Reputation: 11
I am trying to efficiently code the computation of the KDN complexity measure, which involves a loop over all of the rows of a distance matrix and making some computations out of it.
I am trying to parallel this code with foreach
and %dopar%
functions, but I am not achieving any running time reduction. I am conscious that some parallel computations are not efficient because of memory management, but I don’t know if this is my case or if I am doing something wrong.

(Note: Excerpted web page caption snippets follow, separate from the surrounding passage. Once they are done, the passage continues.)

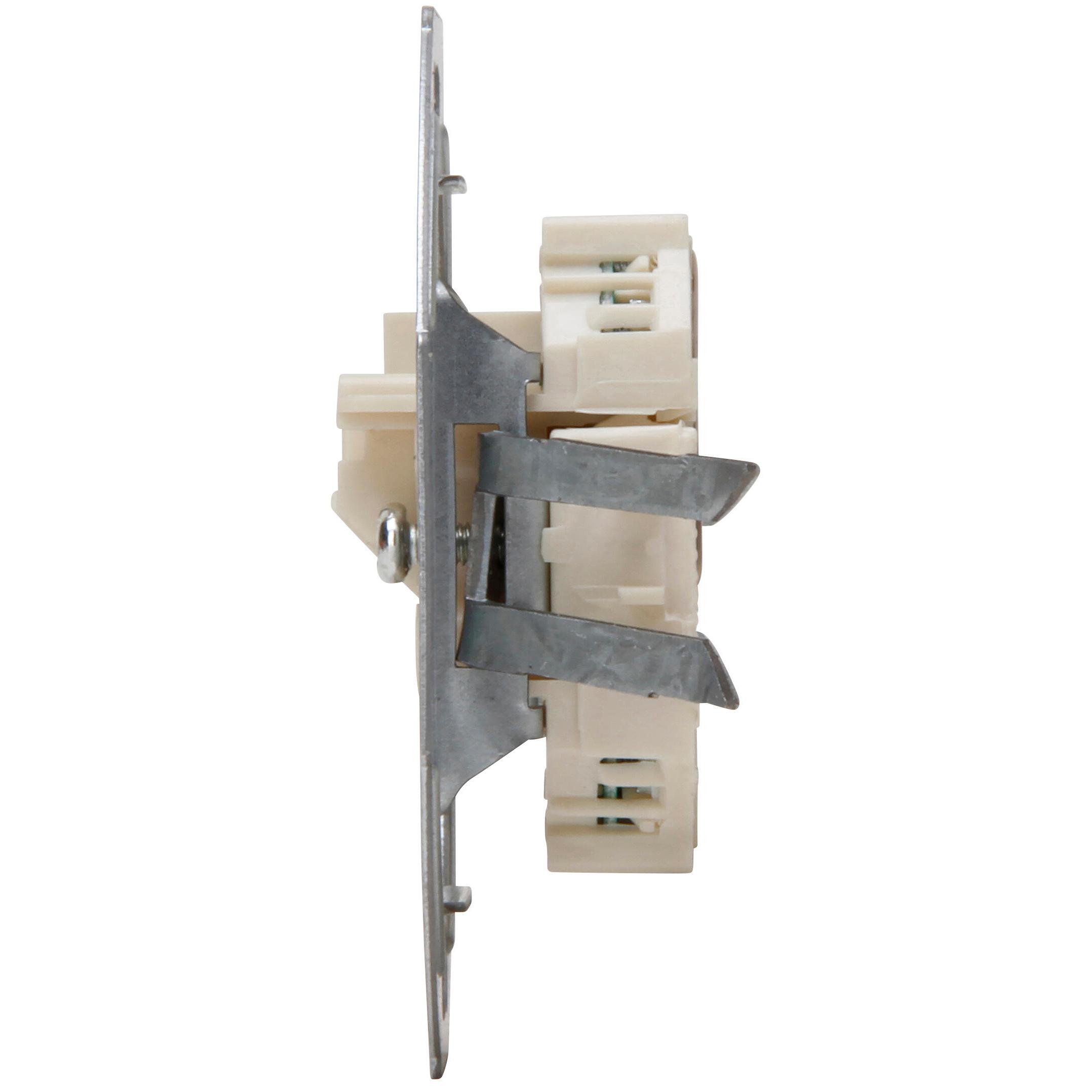 TechnikCenter - sokkel UAE 2-voudig RJ45 - Afbeelding 5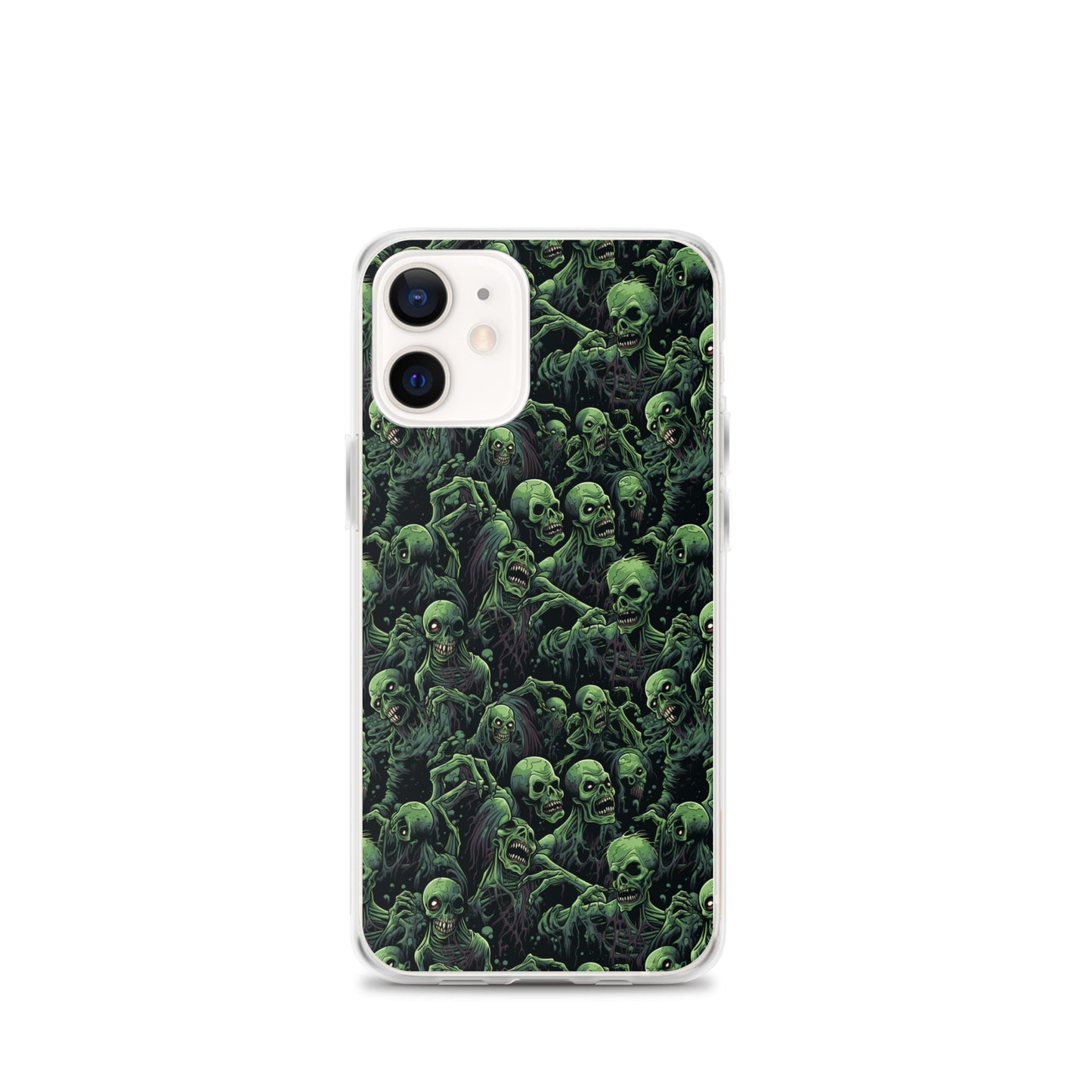 iPhone Case - Zombie Horror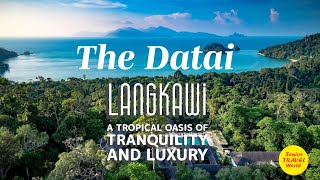 The Datai Langkawi A Tropical Oasis of Tranquility and Luxury [upl. by Oynotna]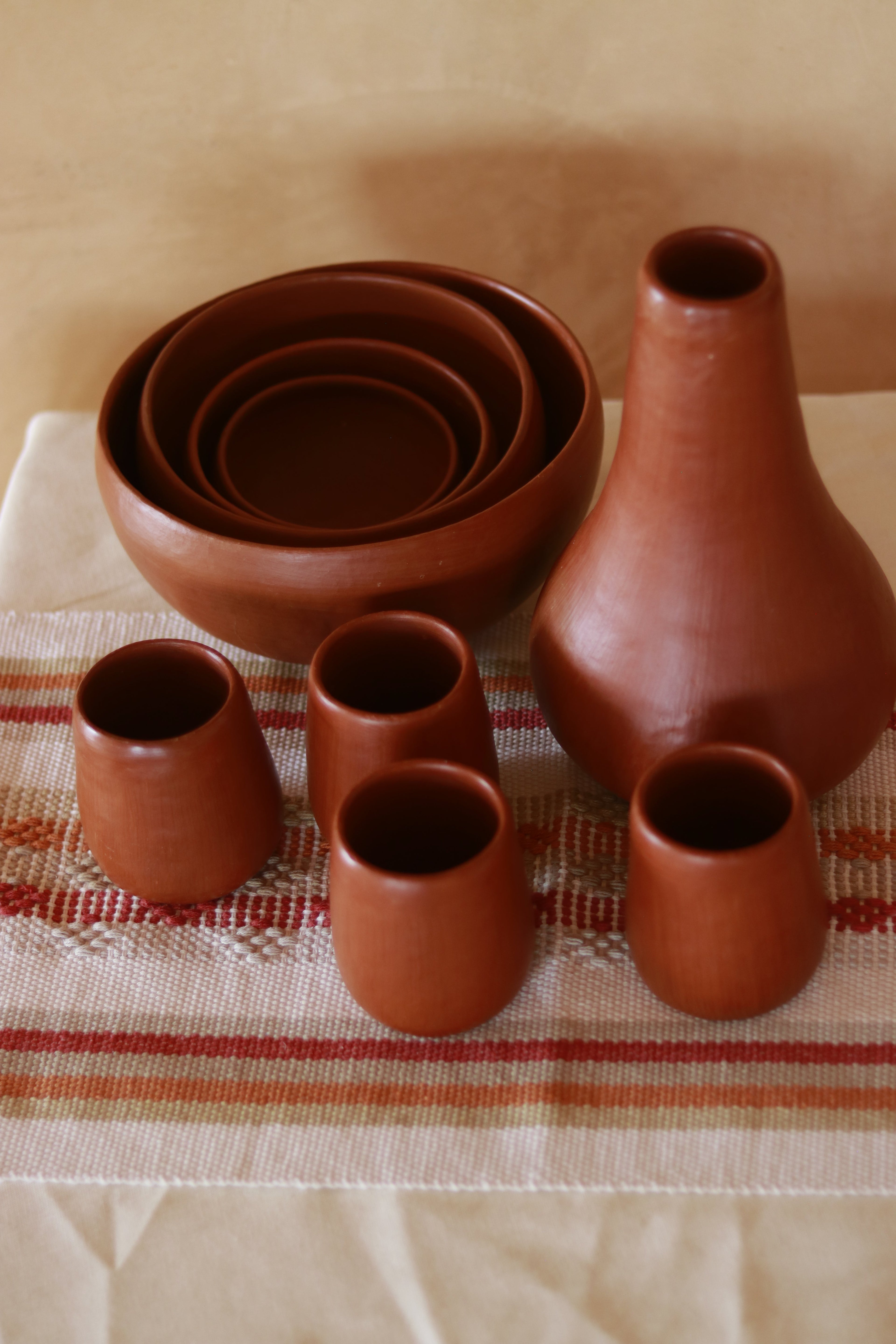 Barro rojo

This is a reproducible example with digits data from rsvd
package:
First, I call all the necessary packages, I read the digits data and then I get some useful information.
#######################
### NEEDED PACKAGES ###
#######################
library(dplyr)
library(parallelDist)
# for Parallel Processing
library(doParallel)
library(foreach)
# for digits data
library(rsvd)
#############
### DATA ###
#############
data(digits)
data = as.data.frame(digits)
# Dividing on X variables and Y target
dataX = data %>%
dplyr::select(-label)
dataY = data %>%
mutate(label=factor(label)) %>%
pull(label)
## number of data
n=dim(dataX)[1]
Then, I do some necessary computations prior to the KDN loop I want to efficiently parallel.
##############################
### PREVIOUS COMPUTATIONS ###
##############################
## number of available data in each class
n_data_classes=table(factor(dataY))
## number of data to be considered as neighbours in each class
k=0.05
k_neighbours_classes=ceiling(n_data_classes*k)
## DISTANCE MATRIX COMPUTATION
# this is time consuming but I'm not concerned about this
distance_matrix=as.matrix(parDist(scale(dataX)))
The KDN computation without no parallelization is the next one and it takes 12 secs.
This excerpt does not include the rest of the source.